● Record set:

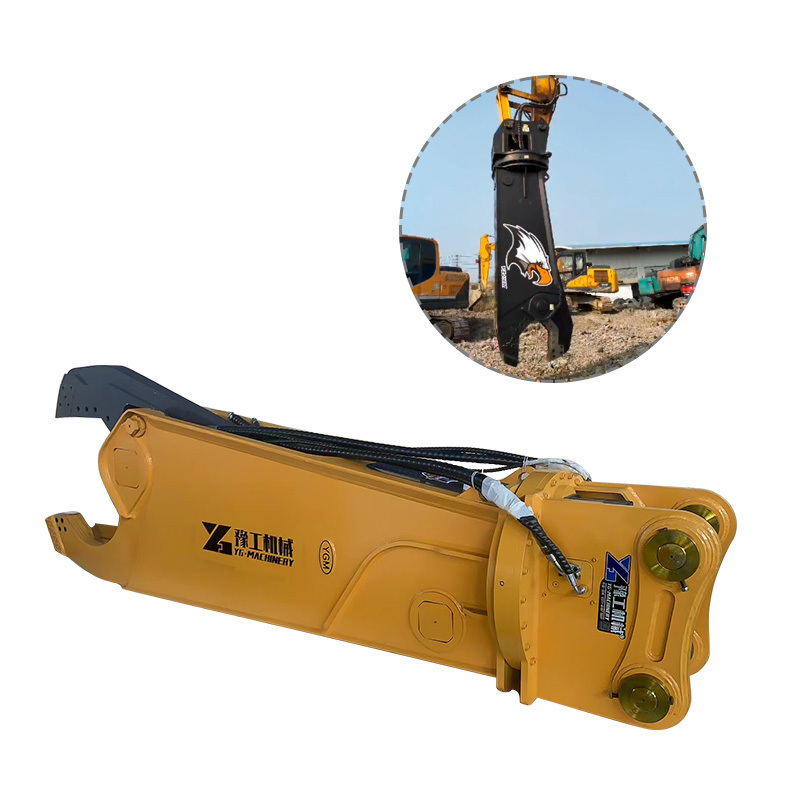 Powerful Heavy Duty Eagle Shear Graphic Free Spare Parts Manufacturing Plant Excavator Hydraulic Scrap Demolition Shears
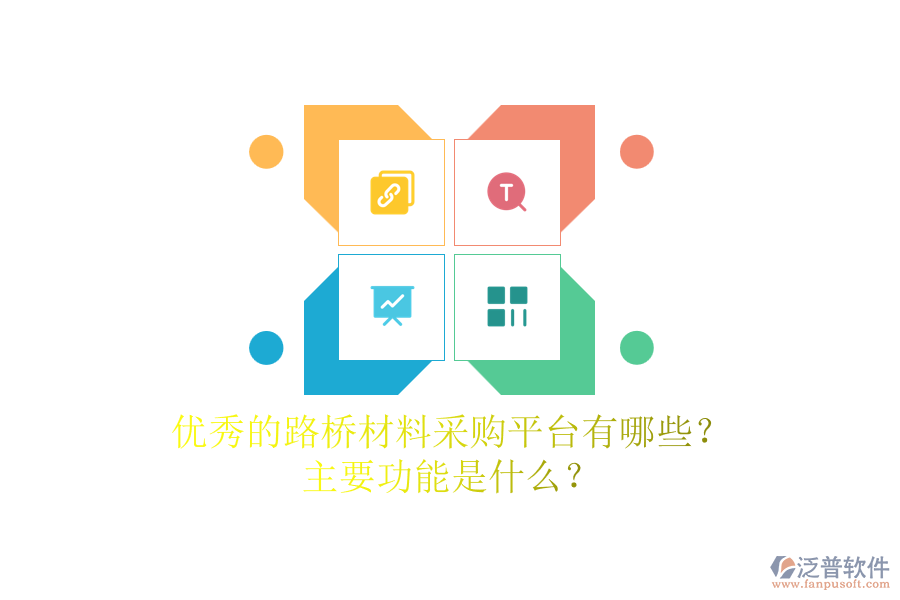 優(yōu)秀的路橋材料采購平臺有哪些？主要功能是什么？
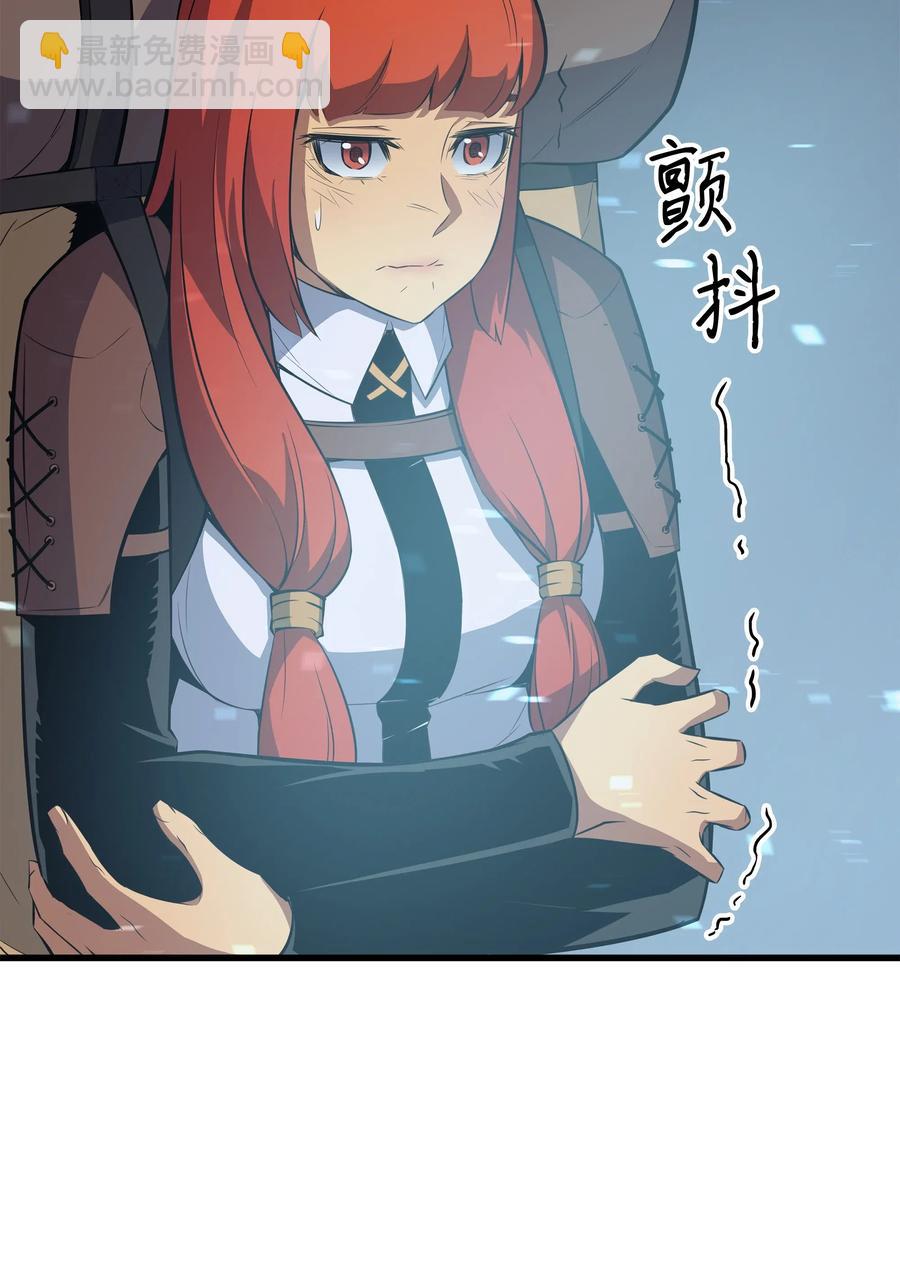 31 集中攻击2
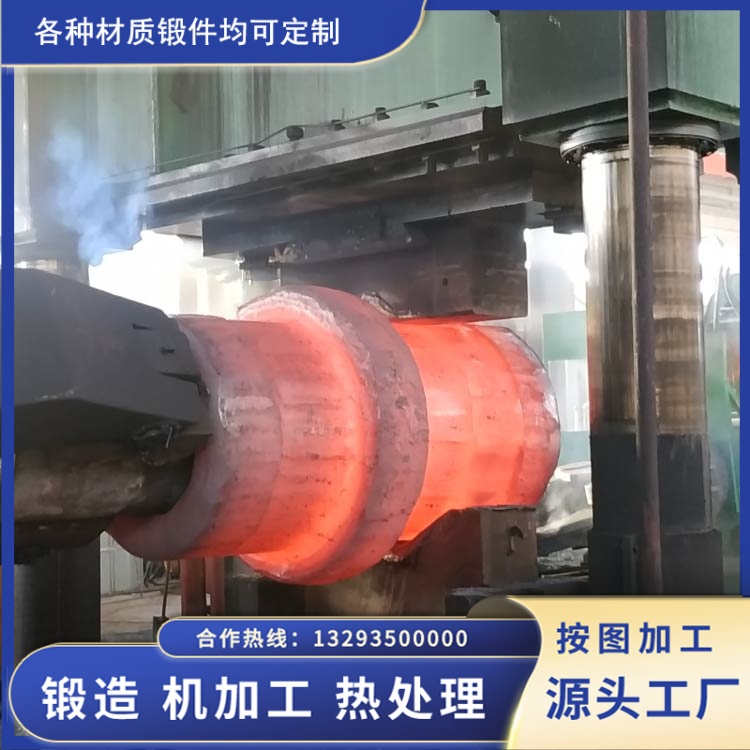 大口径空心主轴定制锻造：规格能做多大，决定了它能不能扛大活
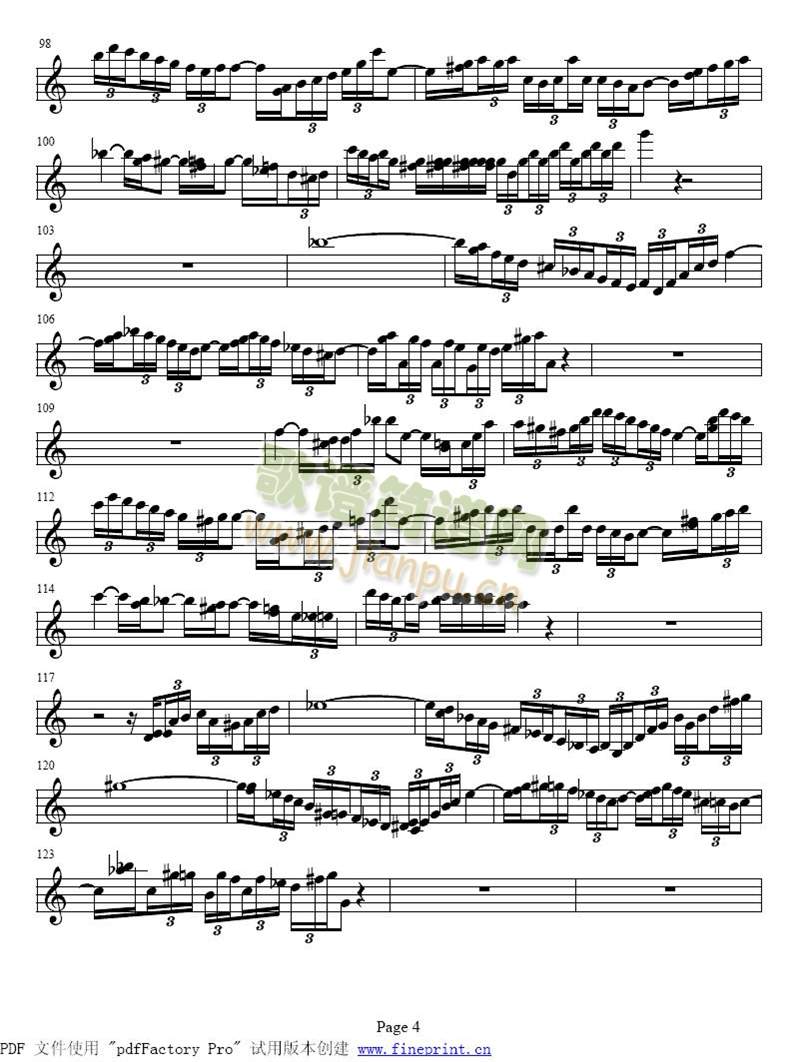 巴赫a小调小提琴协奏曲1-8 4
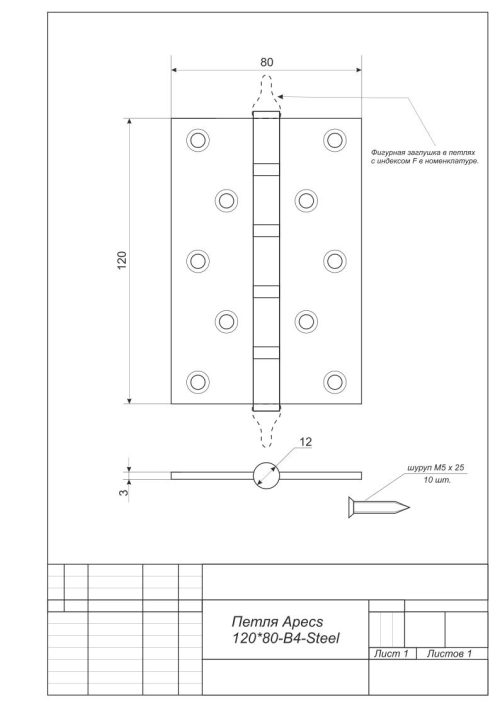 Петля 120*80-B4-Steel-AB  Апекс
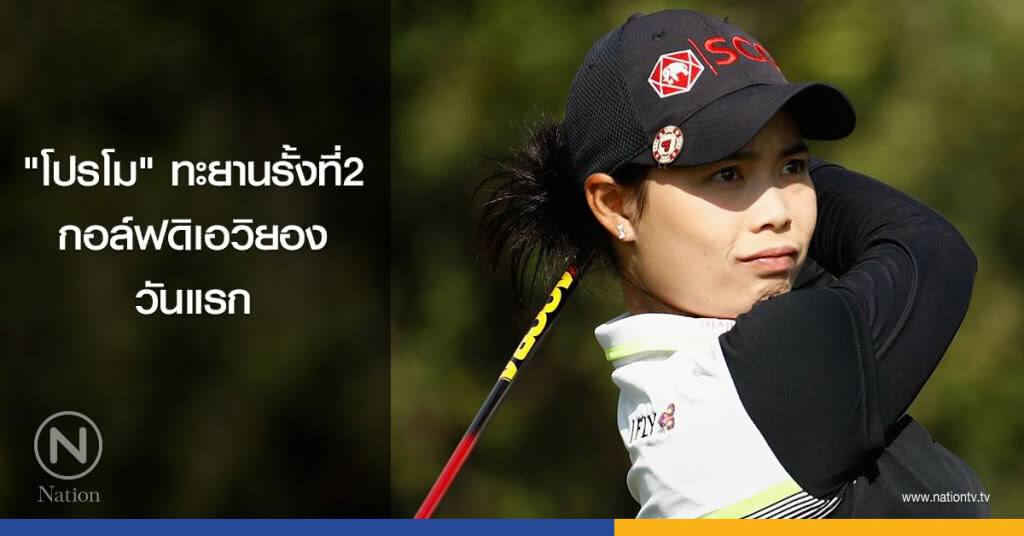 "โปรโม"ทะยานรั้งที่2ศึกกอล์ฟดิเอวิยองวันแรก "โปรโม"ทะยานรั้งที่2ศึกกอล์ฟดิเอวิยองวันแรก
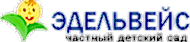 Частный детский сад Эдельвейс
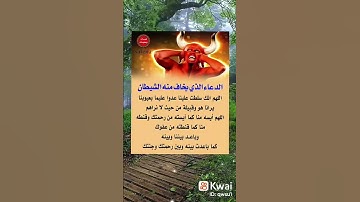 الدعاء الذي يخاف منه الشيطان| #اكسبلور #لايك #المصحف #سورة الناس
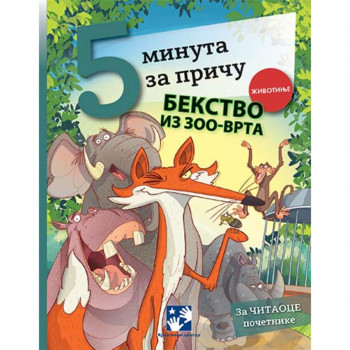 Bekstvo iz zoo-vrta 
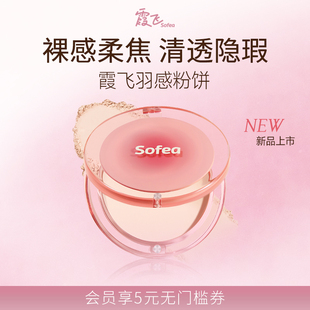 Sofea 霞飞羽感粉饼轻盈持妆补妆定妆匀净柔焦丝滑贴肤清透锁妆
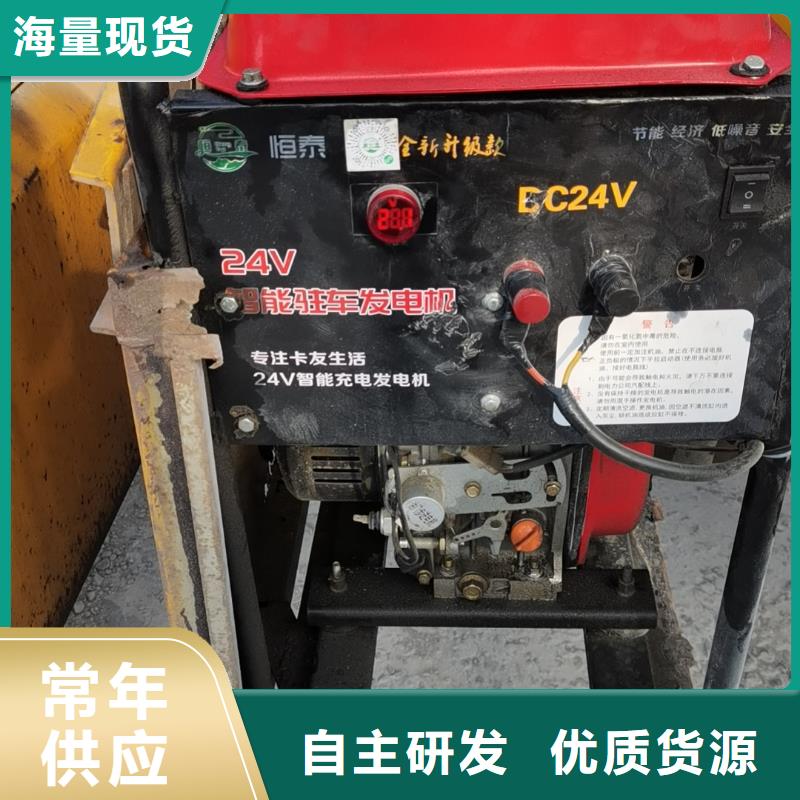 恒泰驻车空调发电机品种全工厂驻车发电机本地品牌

● Problem statement:
Please print every record above exactly, but leave the pictures out.

● Solved exercise:
 Powerful Heavy Duty Eagle Shear Graphic Free Spare Parts Manufacturing Plant Excavator Hydraulic Scrap Demolition Shears
 優(yōu)秀的路橋材料采購平臺有哪些？主要功能是什么？
 31 集中攻击2
 大口径空心主轴定制锻造：规格能做多大，决定了它能不能扛大活
 巴赫a小调小提琴协奏曲1-8 4
 Петля 120*80-B4-Steel-AB  Апекс
 "โปรโม"ทะยานรั้งที่2ศึกกอล์ฟดิเอวิยองวันแรก "โปรโม"ทะยานรั้งที่2ศึกกอล์ฟดิเอวิยองวันแรก
 Частный детский сад Эдельвейс
 الدعاء الذي يخاف منه الشيطان| #اكسبلور #لايك #المصحف #سورة الناس
 Bekstvo iz zoo-vrta 
 Sofea 霞飞羽感粉饼轻盈持妆补妆定妆匀净柔焦丝滑贴肤清透锁妆
 恒泰驻车空调发电机品种全工厂驻车发电机本地品牌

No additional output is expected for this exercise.